## [Problem]
Give back exactly the lines of the material below that start at the line containing "A man wearing" and end at the line containing "5 meatballs covered", and no others.

## [Input data]

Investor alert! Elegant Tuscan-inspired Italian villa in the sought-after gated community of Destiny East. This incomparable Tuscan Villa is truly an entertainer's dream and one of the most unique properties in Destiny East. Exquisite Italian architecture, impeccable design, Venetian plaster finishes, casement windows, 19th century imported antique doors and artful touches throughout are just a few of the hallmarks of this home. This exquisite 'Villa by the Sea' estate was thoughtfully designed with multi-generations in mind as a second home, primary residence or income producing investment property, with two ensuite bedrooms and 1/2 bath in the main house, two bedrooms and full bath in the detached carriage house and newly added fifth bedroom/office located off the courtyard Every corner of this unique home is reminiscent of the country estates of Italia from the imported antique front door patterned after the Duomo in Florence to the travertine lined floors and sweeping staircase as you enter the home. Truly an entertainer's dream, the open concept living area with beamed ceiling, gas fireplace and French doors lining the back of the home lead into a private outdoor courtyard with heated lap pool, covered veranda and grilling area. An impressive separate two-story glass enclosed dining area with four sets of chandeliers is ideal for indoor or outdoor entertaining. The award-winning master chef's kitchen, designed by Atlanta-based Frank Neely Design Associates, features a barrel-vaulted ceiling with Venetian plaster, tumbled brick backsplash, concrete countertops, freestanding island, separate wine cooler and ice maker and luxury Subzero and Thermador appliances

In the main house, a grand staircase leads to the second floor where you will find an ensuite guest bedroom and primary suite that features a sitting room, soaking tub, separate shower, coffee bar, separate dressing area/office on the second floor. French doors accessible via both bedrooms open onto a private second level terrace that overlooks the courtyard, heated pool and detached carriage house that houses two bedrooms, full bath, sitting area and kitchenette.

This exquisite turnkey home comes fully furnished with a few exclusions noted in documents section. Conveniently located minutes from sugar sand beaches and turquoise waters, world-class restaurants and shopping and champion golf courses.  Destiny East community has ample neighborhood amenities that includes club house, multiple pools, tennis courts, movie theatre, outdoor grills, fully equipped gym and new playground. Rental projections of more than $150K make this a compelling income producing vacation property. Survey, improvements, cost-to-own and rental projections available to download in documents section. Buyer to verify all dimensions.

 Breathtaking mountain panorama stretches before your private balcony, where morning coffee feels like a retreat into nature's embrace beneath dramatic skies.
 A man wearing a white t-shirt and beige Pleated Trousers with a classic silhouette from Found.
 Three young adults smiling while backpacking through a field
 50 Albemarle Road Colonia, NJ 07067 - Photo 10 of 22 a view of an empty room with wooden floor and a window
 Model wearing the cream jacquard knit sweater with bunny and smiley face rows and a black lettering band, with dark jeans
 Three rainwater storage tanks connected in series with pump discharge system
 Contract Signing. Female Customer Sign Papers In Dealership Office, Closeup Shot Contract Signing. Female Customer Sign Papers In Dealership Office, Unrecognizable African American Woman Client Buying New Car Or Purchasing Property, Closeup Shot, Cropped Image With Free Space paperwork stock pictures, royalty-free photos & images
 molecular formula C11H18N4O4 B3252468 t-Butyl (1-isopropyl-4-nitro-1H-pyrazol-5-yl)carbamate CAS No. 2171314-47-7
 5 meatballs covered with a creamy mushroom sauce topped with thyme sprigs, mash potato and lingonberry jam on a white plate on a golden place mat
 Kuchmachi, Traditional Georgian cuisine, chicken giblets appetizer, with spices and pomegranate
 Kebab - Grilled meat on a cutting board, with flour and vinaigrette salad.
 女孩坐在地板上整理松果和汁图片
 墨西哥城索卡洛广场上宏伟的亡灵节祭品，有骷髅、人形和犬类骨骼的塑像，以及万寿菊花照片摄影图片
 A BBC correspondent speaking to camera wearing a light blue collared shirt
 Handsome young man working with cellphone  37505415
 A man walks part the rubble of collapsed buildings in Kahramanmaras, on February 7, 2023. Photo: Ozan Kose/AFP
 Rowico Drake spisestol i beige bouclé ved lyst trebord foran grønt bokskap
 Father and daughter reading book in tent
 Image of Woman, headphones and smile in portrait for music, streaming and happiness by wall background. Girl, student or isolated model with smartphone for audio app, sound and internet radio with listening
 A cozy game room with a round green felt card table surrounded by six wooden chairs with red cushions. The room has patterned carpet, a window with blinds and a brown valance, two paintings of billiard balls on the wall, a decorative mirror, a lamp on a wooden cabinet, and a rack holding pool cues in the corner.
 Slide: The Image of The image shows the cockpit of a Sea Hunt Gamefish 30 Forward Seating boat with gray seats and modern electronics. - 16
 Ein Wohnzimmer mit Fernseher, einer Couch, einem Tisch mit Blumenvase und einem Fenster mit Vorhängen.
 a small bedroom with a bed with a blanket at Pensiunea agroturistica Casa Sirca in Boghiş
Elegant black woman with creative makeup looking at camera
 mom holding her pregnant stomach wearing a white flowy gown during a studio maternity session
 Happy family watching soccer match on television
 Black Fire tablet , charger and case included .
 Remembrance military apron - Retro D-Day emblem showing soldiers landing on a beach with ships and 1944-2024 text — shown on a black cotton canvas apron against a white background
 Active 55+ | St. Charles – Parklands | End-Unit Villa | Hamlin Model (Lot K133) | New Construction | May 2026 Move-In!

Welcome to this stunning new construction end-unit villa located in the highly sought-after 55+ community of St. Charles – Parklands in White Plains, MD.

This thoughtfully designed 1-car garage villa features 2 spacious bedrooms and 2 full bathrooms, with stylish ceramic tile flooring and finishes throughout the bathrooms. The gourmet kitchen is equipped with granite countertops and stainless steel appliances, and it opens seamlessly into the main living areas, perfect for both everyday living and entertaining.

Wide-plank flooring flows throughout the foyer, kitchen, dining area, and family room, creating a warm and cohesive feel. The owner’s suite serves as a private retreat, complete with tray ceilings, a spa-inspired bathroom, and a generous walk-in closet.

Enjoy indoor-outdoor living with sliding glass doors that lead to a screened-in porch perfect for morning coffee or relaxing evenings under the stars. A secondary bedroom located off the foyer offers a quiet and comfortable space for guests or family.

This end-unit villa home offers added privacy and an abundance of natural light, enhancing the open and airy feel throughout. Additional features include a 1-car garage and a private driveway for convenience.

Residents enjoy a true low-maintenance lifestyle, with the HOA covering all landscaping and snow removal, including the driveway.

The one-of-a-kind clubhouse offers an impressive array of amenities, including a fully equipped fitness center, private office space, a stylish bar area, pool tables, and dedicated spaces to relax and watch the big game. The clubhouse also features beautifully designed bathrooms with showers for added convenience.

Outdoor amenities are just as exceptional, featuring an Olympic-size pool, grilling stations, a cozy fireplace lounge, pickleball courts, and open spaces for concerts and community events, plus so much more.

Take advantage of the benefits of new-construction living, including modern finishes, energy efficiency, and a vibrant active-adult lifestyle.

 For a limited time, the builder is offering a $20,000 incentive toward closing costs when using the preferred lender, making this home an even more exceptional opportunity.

## [Solution for this task]
 A man wearing a white t-shirt and beige Pleated Trousers with a classic silhouette from Found.
 Three young adults smiling while backpacking through a field
 50 Albemarle Road Colonia, NJ 07067 - Photo 10 of 22 a view of an empty room with wooden floor and a window
 Model wearing the cream jacquard knit sweater with bunny and smiley face rows and a black lettering band, with dark jeans
 Three rainwater storage tanks connected in series with pump discharge system
 Contract Signing. Female Customer Sign Papers In Dealership Office, Closeup Shot Contract Signing. Female Customer Sign Papers In Dealership Office, Unrecognizable African American Woman Client Buying New Car Or Purchasing Property, Closeup Shot, Cropped Image With Free Space paperwork stock pictures, royalty-free photos & images
 molecular formula C11H18N4O4 B3252468 t-Butyl (1-isopropyl-4-nitro-1H-pyrazol-5-yl)carbamate CAS No. 2171314-47-7
 5 meatballs covered with a creamy mushroom sauce topped with thyme sprigs, mash potato and lingonberry jam on a white plate on a golden place mat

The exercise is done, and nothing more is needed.